[another from the ‘God always has a plan’ file…] [also from the diocesan bicentennial file]

In Venice, Italy, across the water from the Doge’s Palace and the campanile of San Marco, the little island of San Giorgio Maggiore broods quietly.
Benedictine monks retired from the world to this island, for centuries. The famous Renaissance architect Andrea Palladio built the great church. Nowadays, you can ride a water taxi there, buy one of Venice’s more-expensive sandwiches in the café, and look out across the water at the entrance to the ancient naval arsenale.
But something quite unusual happened on the Venetian isle of San Giorgio Maggiore in late 1799 and early 1800.

Napoleon had conquered the city of Rome and expelled all the Cardinals. He took Pope Pius VI into exile in France, where the old pope died.

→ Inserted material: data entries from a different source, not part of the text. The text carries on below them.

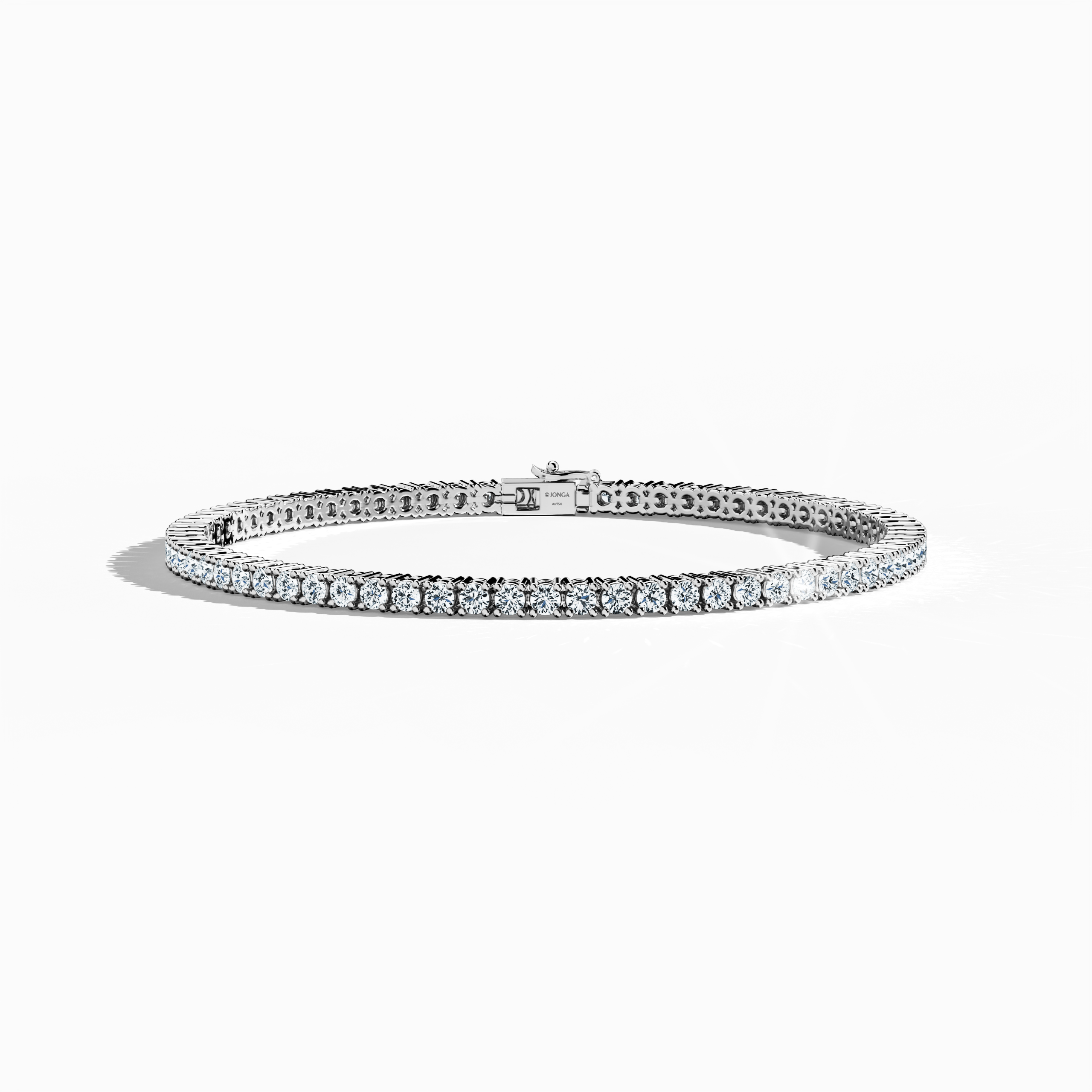 In a sleeping front top view, this 4 carat diamond tennis bracelet in white gold (alternatively known as grey gold or palladium gold) displays a continuous row of prong-set round brilliant diamonds arranged in a sleek line. Also described as a tennis bracelet, line bracelet, eternity bracelet, river bracelet, or inline bracelet, its refined four‐prong design enhances every facet’s radiance for both formal events and daily elegance. Keywords: diamond tennis bracelet, 4 carat, white gold, fine jewelry, prong 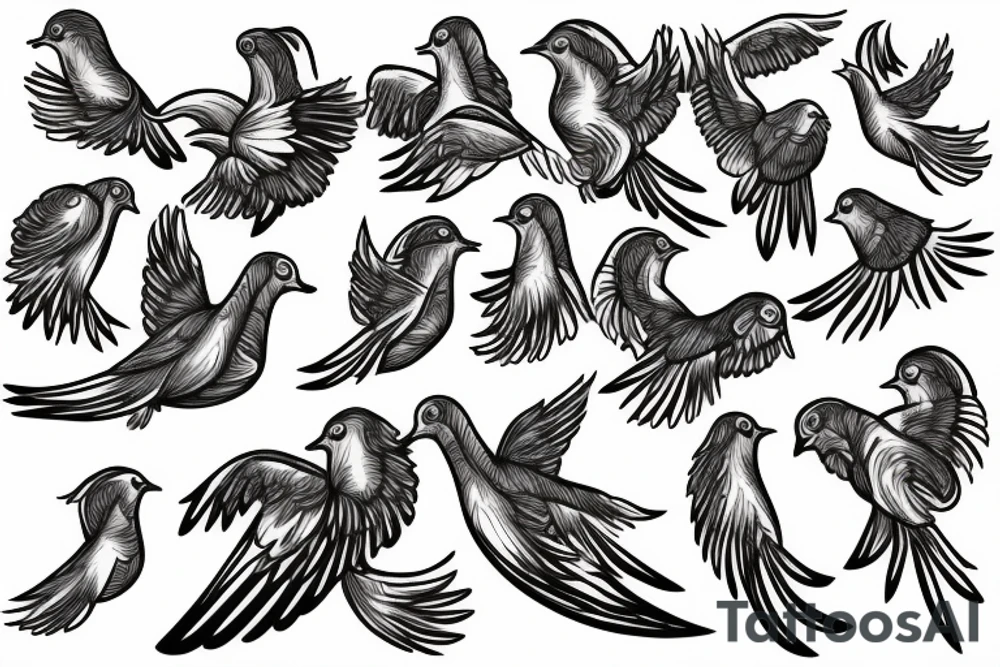 a flock of Doves flying tattoo idea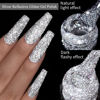 Picture of MIZHSE Reflective Glitter Gel Nail Polish, Silver Nail Gel Sparkly Shiny Gel Polish, Soak Off Nail Art Salon Varnish for Beginners Manicure DIY at Home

Now, Pius had foresight. The year before, he laid down a rule about what should happen, if a conclave could not occur in the Sistine Chapel. The Cardinals were to gather in the city which had produced the largest number of them.
Venice.
Thirty-five Cardinals gathered at the Benedictine monastery of San Giorgio. They took their votes in the monks’ night chapel.
It took three and a half months, with multiple apparent deadlocks in the voting. (At that time, the 2/3-majority requirement stood as an absolute rule.) Then they finally elected Pope Pius VII.
The last pope elected outside the city of Rome.
Twenty years later, that very pope–the one they elected in Venice–erected our humble Diocese of Richmond, Virginia.